It's okay to not be okay
This is a safe place.

What do I need to do? In a way, nothing. But, I do need to LET Love wrap around me, and stop trying so hard to be loveable and just be loved. Especially God's love. I need to stop fighting it, and let the spirit tear down the walls that only He can, and reconcile my heart to His, and finally exhale all this pain I've kept bottled up as long as I can remember. And the beautiful thing? Shelterwood is a safe place. It really freaks me out how safe it is. What other place do you work with over 20 people who you'd trust with your life who know how to walk someone through panic attacks, moments of intense deep pain, flashbacks, fits of anger and depression and lead you all back to God? I am not sure very many other places exist like that. How many places exist where your co-workers know where your coping kit is and go to grab it as soon as you start having a panic attack? It's mindblowing. And it TOTALLY freaks me out that I work at a place that meets me where I am at with such grace and love and wants to help me overcome all of it. Through Jesus. And show me who he actually is. Wow. 
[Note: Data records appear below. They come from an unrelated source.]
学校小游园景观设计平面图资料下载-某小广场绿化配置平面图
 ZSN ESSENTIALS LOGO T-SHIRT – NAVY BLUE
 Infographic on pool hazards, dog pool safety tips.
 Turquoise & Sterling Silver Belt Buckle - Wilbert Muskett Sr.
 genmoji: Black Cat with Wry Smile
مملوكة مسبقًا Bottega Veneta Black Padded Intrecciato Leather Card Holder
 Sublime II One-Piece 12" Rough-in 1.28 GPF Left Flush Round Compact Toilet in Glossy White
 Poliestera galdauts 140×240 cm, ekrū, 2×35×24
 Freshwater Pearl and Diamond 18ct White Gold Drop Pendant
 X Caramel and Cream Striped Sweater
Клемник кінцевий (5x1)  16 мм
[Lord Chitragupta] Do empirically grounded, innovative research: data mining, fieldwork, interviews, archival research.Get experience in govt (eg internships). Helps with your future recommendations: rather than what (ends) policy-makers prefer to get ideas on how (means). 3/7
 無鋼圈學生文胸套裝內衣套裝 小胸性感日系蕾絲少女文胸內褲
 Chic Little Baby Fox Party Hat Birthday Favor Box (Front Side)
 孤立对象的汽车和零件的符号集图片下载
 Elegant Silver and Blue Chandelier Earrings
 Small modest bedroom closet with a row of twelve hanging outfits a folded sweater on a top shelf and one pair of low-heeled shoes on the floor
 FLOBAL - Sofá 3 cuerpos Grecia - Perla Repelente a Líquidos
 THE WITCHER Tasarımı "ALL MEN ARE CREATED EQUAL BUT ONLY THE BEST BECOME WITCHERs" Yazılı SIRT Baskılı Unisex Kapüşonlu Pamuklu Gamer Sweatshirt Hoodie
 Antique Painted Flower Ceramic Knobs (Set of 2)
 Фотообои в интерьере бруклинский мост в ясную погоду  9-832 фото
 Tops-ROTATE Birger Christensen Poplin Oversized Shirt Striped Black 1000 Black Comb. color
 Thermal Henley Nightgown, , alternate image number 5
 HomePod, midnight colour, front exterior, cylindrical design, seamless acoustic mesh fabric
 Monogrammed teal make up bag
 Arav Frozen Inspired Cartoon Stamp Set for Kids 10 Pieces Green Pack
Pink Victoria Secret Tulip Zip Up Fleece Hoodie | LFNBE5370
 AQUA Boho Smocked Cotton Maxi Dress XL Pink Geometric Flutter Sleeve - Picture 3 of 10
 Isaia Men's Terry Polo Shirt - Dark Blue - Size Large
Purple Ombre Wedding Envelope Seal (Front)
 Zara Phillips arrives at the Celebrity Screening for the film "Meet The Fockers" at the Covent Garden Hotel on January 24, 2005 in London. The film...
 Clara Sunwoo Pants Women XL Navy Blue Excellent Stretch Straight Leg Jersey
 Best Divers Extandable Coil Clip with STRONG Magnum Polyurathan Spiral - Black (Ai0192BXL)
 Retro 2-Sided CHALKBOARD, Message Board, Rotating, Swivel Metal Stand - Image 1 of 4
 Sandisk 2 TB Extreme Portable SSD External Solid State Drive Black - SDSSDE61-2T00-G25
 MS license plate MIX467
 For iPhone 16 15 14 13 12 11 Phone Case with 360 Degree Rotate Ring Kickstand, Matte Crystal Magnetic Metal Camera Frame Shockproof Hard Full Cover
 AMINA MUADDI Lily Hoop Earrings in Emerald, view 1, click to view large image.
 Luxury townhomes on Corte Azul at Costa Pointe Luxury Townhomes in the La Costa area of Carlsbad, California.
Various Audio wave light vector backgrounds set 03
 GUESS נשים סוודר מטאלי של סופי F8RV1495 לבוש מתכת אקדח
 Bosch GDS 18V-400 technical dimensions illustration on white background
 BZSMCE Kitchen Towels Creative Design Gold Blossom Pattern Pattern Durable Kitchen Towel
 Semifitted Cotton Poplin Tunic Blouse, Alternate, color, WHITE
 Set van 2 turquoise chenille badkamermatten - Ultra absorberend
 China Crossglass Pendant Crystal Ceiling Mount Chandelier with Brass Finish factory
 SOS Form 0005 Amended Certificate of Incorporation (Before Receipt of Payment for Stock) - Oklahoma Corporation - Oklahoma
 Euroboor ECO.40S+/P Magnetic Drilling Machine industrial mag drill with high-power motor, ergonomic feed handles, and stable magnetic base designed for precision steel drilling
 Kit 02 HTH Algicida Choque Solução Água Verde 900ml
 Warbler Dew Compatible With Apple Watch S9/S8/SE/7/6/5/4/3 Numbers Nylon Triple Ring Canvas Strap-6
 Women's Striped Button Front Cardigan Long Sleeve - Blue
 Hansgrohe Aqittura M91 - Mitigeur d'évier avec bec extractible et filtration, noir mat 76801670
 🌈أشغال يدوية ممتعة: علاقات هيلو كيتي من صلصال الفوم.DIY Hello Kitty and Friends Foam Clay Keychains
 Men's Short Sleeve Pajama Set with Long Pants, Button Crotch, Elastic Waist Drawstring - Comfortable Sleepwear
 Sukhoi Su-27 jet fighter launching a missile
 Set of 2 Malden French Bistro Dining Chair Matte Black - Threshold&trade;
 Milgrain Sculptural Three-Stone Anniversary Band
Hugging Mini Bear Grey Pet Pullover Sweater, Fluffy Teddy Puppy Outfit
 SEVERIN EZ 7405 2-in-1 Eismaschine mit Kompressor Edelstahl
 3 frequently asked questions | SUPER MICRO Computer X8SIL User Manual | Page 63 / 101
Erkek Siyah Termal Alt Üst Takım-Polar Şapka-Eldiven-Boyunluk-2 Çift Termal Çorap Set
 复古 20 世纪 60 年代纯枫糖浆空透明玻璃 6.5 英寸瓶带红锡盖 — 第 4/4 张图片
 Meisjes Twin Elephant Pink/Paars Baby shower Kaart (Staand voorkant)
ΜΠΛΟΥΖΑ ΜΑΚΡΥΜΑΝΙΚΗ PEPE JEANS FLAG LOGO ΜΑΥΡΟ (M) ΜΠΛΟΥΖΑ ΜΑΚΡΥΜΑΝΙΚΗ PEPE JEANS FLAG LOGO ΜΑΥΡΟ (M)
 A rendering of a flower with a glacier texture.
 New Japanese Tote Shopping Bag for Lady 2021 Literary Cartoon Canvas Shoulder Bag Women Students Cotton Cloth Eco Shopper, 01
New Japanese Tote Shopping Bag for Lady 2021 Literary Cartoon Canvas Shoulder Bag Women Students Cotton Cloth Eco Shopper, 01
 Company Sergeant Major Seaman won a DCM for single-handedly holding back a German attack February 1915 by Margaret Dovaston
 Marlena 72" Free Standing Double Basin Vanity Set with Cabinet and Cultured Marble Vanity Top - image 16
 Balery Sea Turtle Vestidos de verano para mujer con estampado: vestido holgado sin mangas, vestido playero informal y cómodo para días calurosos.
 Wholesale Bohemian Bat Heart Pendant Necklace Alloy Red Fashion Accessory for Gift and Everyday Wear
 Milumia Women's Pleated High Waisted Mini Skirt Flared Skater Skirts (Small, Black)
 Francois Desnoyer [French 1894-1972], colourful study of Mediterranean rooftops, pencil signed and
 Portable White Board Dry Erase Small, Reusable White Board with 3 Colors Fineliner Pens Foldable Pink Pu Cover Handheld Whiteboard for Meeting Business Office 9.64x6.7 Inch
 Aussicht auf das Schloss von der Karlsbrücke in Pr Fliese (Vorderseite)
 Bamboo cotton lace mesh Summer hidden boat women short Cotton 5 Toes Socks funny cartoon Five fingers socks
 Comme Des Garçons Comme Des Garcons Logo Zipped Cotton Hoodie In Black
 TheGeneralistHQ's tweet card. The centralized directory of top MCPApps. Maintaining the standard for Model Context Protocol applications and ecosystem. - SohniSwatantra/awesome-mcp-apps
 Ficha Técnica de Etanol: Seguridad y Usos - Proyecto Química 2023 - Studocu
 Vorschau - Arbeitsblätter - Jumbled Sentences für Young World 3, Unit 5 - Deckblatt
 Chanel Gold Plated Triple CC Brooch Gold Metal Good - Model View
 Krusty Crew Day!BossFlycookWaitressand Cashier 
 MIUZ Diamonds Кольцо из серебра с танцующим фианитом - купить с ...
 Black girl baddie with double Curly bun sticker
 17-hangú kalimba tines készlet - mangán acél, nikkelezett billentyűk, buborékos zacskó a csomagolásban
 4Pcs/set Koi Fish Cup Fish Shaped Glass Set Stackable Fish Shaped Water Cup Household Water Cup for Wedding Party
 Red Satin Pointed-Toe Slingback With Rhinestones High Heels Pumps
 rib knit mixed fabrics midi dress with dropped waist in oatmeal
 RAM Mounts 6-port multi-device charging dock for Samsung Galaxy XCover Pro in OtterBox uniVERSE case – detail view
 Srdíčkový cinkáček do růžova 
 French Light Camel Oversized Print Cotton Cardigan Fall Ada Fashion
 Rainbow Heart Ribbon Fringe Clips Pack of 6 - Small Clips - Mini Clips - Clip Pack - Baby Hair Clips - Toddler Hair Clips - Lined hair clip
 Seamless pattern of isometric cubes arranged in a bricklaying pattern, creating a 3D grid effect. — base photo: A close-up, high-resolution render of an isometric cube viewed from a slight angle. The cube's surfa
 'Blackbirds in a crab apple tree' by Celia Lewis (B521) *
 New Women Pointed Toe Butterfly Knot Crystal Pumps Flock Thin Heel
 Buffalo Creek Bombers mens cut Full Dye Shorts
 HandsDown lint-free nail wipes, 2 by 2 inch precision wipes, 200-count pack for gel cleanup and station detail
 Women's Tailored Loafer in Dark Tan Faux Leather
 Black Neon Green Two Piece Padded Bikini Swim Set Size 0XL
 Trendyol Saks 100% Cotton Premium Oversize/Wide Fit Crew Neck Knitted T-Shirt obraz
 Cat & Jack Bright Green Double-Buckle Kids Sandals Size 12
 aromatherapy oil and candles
So if I am being honest? I am struggling. Questioning who I am vs. who I want to be and if I actually want to do the work to get there. Part of me really doesnt want to do that work obviously and it frustrates me. I could use prayer to help me build relationships, and to build further trust with my co-workers. I could use prayer to help myself not isolate and try to fix all my problems by myself. I could use prayer to trust myself, and trust that I am strong enough to work through my past pain. I could use prayer to keep focusing on God, and learning about His love for me. Basically, I could use prayer. Please don't get me wrong- I am still VERY happy. I know this is exactly where I need to be, it's exactly where God has called me to be. I am just at a crossroad, and it is decision time. So thank you in advance for your prayers, I appreciate it more than you know! I hope this way of processing for me has given you a glimpse of my life and where I am at, and brings you the hope of Jesus because He is truly working wonders even if I struggle with how he is chooisng to work.